[Caption-style text data]
◇ ◇ ◇

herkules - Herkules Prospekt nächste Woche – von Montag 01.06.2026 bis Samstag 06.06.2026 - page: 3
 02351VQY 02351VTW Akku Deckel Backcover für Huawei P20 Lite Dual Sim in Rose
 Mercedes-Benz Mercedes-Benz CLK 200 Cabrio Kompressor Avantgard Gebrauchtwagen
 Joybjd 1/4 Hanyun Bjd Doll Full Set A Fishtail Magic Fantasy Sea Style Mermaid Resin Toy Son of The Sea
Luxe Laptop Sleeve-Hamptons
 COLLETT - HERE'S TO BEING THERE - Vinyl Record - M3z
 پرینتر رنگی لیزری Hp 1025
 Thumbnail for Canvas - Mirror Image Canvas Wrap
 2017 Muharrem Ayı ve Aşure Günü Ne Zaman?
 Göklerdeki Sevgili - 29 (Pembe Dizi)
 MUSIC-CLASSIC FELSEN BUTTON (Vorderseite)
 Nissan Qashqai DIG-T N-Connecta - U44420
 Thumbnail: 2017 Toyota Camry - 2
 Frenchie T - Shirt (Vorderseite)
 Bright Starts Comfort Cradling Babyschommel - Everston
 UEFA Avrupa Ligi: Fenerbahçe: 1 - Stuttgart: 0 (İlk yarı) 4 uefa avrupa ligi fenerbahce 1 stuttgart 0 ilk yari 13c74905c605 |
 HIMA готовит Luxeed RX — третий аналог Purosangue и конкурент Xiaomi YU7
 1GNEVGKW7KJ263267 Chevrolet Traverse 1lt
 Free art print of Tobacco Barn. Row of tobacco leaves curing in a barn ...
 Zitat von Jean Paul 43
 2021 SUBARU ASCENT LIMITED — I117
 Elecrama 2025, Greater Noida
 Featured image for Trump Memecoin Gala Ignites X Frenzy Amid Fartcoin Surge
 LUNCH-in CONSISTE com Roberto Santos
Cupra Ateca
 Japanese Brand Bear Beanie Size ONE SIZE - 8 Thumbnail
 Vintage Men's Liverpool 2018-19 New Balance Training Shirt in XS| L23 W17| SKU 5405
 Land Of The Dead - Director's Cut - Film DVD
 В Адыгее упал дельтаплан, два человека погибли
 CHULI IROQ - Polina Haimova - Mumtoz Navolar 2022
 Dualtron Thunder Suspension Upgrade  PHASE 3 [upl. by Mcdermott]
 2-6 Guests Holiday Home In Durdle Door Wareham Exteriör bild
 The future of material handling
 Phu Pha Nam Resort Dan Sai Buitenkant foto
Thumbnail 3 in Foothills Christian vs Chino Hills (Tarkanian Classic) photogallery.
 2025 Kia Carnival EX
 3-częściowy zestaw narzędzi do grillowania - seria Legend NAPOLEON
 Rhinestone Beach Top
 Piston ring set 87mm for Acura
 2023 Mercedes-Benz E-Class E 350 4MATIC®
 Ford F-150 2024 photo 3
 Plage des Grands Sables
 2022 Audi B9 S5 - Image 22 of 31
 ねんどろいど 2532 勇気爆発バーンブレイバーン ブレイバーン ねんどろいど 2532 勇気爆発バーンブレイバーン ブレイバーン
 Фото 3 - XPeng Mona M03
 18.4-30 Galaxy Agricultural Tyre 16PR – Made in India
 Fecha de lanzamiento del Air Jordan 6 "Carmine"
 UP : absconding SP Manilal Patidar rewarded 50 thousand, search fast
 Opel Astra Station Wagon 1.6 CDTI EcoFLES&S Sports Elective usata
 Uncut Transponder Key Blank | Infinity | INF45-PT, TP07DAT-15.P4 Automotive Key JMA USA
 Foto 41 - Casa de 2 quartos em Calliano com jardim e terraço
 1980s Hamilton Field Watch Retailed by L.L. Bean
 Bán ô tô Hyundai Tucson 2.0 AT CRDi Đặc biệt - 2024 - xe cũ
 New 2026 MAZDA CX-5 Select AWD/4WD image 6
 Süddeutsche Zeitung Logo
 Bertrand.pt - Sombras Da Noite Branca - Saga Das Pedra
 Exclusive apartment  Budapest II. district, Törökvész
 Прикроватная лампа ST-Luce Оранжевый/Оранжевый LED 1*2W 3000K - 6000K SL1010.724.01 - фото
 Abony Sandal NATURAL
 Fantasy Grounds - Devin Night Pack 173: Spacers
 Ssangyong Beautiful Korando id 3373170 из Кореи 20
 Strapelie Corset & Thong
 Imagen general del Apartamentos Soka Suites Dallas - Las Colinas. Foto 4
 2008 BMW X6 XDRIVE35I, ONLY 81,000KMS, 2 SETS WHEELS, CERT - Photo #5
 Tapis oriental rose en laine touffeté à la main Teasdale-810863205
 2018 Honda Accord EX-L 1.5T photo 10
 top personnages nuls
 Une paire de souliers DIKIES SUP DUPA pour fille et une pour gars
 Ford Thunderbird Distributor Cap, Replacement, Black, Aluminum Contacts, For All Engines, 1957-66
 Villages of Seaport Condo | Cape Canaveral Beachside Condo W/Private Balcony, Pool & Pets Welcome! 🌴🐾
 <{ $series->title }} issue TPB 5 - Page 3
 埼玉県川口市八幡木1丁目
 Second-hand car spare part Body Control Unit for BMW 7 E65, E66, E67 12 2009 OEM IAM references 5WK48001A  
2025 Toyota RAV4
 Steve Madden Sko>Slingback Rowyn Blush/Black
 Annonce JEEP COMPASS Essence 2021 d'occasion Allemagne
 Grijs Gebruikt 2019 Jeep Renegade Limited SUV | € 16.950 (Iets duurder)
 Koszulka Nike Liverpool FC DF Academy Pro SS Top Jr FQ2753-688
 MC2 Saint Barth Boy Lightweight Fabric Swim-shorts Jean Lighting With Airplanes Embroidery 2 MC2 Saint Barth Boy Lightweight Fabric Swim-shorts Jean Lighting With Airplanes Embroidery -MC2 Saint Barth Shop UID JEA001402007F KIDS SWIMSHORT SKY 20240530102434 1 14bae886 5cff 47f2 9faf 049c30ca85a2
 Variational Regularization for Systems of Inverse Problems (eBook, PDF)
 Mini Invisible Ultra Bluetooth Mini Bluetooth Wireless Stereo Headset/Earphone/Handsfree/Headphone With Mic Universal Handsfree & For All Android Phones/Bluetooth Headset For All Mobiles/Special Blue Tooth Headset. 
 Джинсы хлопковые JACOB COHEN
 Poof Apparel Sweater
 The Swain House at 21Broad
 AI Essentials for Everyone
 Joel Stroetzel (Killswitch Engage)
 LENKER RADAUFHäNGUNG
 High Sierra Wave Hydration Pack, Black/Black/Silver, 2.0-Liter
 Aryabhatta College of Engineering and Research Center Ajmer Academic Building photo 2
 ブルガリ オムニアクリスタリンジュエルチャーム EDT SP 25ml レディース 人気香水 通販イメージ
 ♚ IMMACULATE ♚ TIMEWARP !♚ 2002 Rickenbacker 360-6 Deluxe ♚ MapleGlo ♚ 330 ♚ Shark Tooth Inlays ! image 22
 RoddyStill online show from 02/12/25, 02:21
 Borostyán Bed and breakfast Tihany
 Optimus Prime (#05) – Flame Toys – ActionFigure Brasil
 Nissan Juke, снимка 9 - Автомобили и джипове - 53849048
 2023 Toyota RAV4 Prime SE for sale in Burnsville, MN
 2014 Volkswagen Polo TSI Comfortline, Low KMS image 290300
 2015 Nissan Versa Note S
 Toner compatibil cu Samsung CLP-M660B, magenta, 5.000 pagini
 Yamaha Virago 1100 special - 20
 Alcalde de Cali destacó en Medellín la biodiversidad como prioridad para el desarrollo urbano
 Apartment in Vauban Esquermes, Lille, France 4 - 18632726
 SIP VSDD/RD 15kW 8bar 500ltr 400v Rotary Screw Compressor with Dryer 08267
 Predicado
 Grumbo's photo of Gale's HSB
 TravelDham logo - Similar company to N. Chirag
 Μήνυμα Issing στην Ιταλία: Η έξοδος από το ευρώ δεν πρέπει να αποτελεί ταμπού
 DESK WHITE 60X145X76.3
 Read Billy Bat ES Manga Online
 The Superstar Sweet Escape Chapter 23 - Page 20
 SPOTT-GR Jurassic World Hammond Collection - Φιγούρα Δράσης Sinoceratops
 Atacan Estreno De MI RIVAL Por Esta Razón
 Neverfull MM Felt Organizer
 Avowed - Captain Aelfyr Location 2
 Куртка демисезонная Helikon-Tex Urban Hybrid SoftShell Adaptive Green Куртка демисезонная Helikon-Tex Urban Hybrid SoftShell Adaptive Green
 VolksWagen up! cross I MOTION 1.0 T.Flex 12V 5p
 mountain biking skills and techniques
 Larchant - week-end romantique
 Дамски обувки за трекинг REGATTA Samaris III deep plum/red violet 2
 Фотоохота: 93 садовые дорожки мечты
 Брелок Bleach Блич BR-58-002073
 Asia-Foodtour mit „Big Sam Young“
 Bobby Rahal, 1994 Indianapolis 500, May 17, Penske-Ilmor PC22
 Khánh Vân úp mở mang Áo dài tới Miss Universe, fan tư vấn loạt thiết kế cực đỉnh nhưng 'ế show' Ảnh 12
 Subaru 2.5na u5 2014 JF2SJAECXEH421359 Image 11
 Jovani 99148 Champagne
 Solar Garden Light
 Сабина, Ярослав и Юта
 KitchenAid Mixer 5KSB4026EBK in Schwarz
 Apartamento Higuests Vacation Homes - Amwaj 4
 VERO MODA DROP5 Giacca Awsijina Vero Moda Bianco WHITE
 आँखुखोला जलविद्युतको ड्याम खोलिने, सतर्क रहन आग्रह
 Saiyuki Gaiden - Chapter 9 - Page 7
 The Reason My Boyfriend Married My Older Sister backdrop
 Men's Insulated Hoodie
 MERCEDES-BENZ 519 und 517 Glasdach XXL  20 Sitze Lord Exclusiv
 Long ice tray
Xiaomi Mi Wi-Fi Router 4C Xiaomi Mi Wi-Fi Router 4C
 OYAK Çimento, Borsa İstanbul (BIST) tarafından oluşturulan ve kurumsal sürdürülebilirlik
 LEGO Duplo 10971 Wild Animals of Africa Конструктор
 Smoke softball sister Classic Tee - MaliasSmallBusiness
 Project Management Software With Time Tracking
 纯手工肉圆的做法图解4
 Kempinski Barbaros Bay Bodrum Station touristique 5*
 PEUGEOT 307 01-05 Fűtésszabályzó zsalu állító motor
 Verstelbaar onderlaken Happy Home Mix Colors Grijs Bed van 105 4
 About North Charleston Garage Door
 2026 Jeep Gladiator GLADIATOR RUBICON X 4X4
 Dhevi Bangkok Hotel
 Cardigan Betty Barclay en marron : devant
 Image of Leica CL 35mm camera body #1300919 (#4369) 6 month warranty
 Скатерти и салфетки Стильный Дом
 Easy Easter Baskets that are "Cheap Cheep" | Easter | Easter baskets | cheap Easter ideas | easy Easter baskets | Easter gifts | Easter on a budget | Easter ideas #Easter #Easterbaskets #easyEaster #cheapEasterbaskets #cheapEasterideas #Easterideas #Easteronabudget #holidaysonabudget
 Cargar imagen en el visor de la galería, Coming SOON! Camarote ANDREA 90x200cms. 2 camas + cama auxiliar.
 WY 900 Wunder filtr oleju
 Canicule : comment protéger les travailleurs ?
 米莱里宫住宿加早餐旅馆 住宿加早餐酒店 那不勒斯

◇ ◇ ◇

▸ **Work to be completed**: Throughout the records above, find the lines in which the word "Door" appears and return them.

▸ **Answer section**:
 2-6 Guests Holiday Home In Durdle Door Wareham Exteriör bild
 About North Charleston Garage Door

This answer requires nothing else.